Scraped caption text data:
□ □ □ □ □ □ □

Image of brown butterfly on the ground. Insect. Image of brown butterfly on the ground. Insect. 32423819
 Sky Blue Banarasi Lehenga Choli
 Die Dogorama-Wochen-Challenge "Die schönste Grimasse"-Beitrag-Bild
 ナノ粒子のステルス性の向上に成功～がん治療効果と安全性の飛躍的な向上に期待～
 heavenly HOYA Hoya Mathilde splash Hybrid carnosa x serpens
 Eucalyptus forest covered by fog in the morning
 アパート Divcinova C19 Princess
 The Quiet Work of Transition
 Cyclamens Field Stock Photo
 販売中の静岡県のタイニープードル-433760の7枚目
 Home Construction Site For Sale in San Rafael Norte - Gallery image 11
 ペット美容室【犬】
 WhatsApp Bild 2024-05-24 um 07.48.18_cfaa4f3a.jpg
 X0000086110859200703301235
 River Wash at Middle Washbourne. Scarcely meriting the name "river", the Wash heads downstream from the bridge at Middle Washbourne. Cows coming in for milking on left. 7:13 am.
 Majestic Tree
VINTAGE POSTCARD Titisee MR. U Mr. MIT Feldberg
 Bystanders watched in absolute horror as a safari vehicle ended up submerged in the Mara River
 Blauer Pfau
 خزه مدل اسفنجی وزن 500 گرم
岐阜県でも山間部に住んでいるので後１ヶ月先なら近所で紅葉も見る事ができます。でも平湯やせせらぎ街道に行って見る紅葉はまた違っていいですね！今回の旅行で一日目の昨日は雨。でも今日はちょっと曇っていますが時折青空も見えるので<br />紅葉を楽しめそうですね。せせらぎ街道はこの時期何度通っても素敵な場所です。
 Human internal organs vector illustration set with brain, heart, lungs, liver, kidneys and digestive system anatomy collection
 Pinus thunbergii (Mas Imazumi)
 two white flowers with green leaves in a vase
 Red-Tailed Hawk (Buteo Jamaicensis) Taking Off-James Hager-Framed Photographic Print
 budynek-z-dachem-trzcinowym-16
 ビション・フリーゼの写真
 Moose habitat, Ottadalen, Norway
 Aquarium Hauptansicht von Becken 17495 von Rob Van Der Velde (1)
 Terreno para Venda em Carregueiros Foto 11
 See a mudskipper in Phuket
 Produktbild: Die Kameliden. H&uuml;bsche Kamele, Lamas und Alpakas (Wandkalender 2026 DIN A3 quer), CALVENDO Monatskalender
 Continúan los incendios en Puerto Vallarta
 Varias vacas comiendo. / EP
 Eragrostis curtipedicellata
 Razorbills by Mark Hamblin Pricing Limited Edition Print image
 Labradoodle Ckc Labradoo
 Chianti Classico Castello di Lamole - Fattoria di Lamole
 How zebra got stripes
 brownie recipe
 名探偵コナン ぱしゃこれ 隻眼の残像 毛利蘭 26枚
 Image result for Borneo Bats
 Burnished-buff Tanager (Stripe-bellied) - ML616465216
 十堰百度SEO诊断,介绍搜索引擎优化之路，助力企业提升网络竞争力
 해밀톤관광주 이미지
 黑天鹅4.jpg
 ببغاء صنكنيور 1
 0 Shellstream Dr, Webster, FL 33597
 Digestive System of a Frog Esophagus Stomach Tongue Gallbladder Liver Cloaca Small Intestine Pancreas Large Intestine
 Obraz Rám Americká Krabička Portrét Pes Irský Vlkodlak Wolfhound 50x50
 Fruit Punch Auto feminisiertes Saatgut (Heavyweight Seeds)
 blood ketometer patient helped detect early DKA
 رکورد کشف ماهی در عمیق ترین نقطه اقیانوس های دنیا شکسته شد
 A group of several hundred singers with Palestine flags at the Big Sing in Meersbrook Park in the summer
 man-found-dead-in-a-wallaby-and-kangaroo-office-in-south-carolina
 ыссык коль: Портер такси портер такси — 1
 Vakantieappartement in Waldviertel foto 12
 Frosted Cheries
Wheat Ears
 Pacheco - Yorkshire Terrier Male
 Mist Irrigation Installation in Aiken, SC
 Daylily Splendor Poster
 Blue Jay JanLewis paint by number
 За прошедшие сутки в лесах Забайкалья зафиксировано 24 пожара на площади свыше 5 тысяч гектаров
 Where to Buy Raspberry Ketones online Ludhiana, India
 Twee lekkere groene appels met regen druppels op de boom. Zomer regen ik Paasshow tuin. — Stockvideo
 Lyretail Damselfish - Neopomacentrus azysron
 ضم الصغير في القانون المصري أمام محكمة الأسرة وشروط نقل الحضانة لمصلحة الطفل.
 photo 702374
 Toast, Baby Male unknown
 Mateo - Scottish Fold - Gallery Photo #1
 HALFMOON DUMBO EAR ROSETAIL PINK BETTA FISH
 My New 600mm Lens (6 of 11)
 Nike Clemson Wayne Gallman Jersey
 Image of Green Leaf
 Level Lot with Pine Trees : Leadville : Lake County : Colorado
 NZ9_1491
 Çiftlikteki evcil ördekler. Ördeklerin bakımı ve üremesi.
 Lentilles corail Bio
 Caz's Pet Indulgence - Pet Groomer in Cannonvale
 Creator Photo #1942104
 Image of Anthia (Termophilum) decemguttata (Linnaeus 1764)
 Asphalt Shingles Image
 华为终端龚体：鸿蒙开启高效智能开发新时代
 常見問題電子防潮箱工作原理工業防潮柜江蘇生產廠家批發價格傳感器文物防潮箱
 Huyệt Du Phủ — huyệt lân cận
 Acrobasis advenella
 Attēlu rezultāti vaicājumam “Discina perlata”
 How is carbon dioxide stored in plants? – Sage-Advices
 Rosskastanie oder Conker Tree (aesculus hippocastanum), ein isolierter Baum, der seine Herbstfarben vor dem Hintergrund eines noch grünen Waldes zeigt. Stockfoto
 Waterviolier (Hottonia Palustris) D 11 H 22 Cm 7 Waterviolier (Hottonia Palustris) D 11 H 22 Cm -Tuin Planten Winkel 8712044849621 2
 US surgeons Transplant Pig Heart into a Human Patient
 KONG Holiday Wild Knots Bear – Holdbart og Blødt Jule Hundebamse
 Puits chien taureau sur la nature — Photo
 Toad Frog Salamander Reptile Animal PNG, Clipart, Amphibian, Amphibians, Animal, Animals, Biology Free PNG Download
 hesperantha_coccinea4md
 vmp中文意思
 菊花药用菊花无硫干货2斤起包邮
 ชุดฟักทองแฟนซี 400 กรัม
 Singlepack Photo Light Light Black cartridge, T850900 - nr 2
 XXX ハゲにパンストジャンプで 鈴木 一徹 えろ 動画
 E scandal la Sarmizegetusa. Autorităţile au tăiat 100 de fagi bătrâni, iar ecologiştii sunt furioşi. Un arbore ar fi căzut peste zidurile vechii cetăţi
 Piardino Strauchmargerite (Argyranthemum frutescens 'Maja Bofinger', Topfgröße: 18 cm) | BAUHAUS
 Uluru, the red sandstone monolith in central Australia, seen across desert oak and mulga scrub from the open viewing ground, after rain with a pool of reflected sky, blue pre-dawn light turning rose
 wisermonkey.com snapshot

□ □ □ □ □ □ □

§ **Task instructions**: Give again each line shown above, keeping every word as it is.

§ **Answer to the problem**:
Image of brown butterfly on the ground. Insect. Image of brown butterfly on the ground. Insect. 32423819
 Sky Blue Banarasi Lehenga Choli
 Die Dogorama-Wochen-Challenge "Die schönste Grimasse"-Beitrag-Bild
 ナノ粒子のステルス性の向上に成功～がん治療効果と安全性の飛躍的な向上に期待～
 heavenly HOYA Hoya Mathilde splash Hybrid carnosa x serpens
 Eucalyptus forest covered by fog in the morning
 アパート Divcinova C19 Princess
 The Quiet Work of Transition
 Cyclamens Field Stock Photo
 販売中の静岡県のタイニープードル-433760の7枚目
 Home Construction Site For Sale in San Rafael Norte - Gallery image 11
 ペット美容室【犬】
 WhatsApp Bild 2024-05-24 um 07.48.18_cfaa4f3a.jpg
 X0000086110859200703301235
 River Wash at Middle Washbourne. Scarcely meriting the name "river", the Wash heads downstream from the bridge at Middle Washbourne. Cows coming in for milking on left. 7:13 am.
 Majestic Tree
VINTAGE POSTCARD Titisee MR. U Mr. MIT Feldberg
 Bystanders watched in absolute horror as a safari vehicle ended up submerged in the Mara River
 Blauer Pfau
 خزه مدل اسفنجی وزن 500 گرم
岐阜県でも山間部に住んでいるので後１ヶ月先なら近所で紅葉も見る事ができます。でも平湯やせせらぎ街道に行って見る紅葉はまた違っていいですね！今回の旅行で一日目の昨日は雨。でも今日はちょっと曇っていますが時折青空も見えるので<br />紅葉を楽しめそうですね。せせらぎ街道はこの時期何度通っても素敵な場所です。
 Human internal organs vector illustration set with brain, heart, lungs, liver, kidneys and digestive system anatomy collection
 Pinus thunbergii (Mas Imazumi)
 two white flowers with green leaves in a vase
 Red-Tailed Hawk (Buteo Jamaicensis) Taking Off-James Hager-Framed Photographic Print
 budynek-z-dachem-trzcinowym-16
 ビション・フリーゼの写真
 Moose habitat, Ottadalen, Norway
 Aquarium Hauptansicht von Becken 17495 von Rob Van Der Velde (1)
 Terreno para Venda em Carregueiros Foto 11
 See a mudskipper in Phuket
 Produktbild: Die Kameliden. H&uuml;bsche Kamele, Lamas und Alpakas (Wandkalender 2026 DIN A3 quer), CALVENDO Monatskalender
 Continúan los incendios en Puerto Vallarta
 Varias vacas comiendo. / EP
 Eragrostis curtipedicellata
 Razorbills by Mark Hamblin Pricing Limited Edition Print image
 Labradoodle Ckc Labradoo
 Chianti Classico Castello di Lamole - Fattoria di Lamole
 How zebra got stripes
 brownie recipe
 名探偵コナン ぱしゃこれ 隻眼の残像 毛利蘭 26枚
 Image result for Borneo Bats
 Burnished-buff Tanager (Stripe-bellied) - ML616465216
 十堰百度SEO诊断,介绍搜索引擎优化之路，助力企业提升网络竞争力
 해밀톤관광주 이미지
 黑天鹅4.jpg
 ببغاء صنكنيور 1
 0 Shellstream Dr, Webster, FL 33597
 Digestive System of a Frog Esophagus Stomach Tongue Gallbladder Liver Cloaca Small Intestine Pancreas Large Intestine
 Obraz Rám Americká Krabička Portrét Pes Irský Vlkodlak Wolfhound 50x50
 Fruit Punch Auto feminisiertes Saatgut (Heavyweight Seeds)
 blood ketometer patient helped detect early DKA
 رکورد کشف ماهی در عمیق ترین نقطه اقیانوس های دنیا شکسته شد
 A group of several hundred singers with Palestine flags at the Big Sing in Meersbrook Park in the summer
 man-found-dead-in-a-wallaby-and-kangaroo-office-in-south-carolina
 ыссык коль: Портер такси портер такси — 1
 Vakantieappartement in Waldviertel foto 12
 Frosted Cheries
Wheat Ears
 Pacheco - Yorkshire Terrier Male
 Mist Irrigation Installation in Aiken, SC
 Daylily Splendor Poster
 Blue Jay JanLewis paint by number
 За прошедшие сутки в лесах Забайкалья зафиксировано 24 пожара на площади свыше 5 тысяч гектаров
 Where to Buy Raspberry Ketones online Ludhiana, India
 Twee lekkere groene appels met regen druppels op de boom. Zomer regen ik Paasshow tuin. — Stockvideo
 Lyretail Damselfish - Neopomacentrus azysron
 ضم الصغير في القانون المصري أمام محكمة الأسرة وشروط نقل الحضانة لمصلحة الطفل.
 photo 702374
 Toast, Baby Male unknown
 Mateo - Scottish Fold - Gallery Photo #1
 HALFMOON DUMBO EAR ROSETAIL PINK BETTA FISH
 My New 600mm Lens (6 of 11)
 Nike Clemson Wayne Gallman Jersey
 Image of Green Leaf
 Level Lot with Pine Trees : Leadville : Lake County : Colorado
 NZ9_1491
 Çiftlikteki evcil ördekler. Ördeklerin bakımı ve üremesi.
 Lentilles corail Bio
 Caz's Pet Indulgence - Pet Groomer in Cannonvale
 Creator Photo #1942104
 Image of Anthia (Termophilum) decemguttata (Linnaeus 1764)
 Asphalt Shingles Image
 华为终端龚体：鸿蒙开启高效智能开发新时代
 常見問題電子防潮箱工作原理工業防潮柜江蘇生產廠家批發價格傳感器文物防潮箱
 Huyệt Du Phủ — huyệt lân cận
 Acrobasis advenella
 Attēlu rezultāti vaicājumam “Discina perlata”
 How is carbon dioxide stored in plants? – Sage-Advices
 Rosskastanie oder Conker Tree (aesculus hippocastanum), ein isolierter Baum, der seine Herbstfarben vor dem Hintergrund eines noch grünen Waldes zeigt. Stockfoto
 Waterviolier (Hottonia Palustris) D 11 H 22 Cm 7 Waterviolier (Hottonia Palustris) D 11 H 22 Cm -Tuin Planten Winkel 8712044849621 2
 US surgeons Transplant Pig Heart into a Human Patient
 KONG Holiday Wild Knots Bear – Holdbart og Blødt Jule Hundebamse
 Puits chien taureau sur la nature — Photo
 Toad Frog Salamander Reptile Animal PNG, Clipart, Amphibian, Amphibians, Animal, Animals, Biology Free PNG Download
 hesperantha_coccinea4md
 vmp中文意思
 菊花药用菊花无硫干货2斤起包邮
 ชุดฟักทองแฟนซี 400 กรัม
 Singlepack Photo Light Light Black cartridge, T850900 - nr 2
 XXX ハゲにパンストジャンプで 鈴木 一徹 えろ 動画
 E scandal la Sarmizegetusa. Autorităţile au tăiat 100 de fagi bătrâni, iar ecologiştii sunt furioşi. Un arbore ar fi căzut peste zidurile vechii cetăţi
 Piardino Strauchmargerite (Argyranthemum frutescens 'Maja Bofinger', Topfgröße: 18 cm) | BAUHAUS
 Uluru, the red sandstone monolith in central Australia, seen across desert oak and mulga scrub from the open viewing ground, after rain with a pool of reflected sky, blue pre-dawn light turning rose
 wisermonkey.com snapshot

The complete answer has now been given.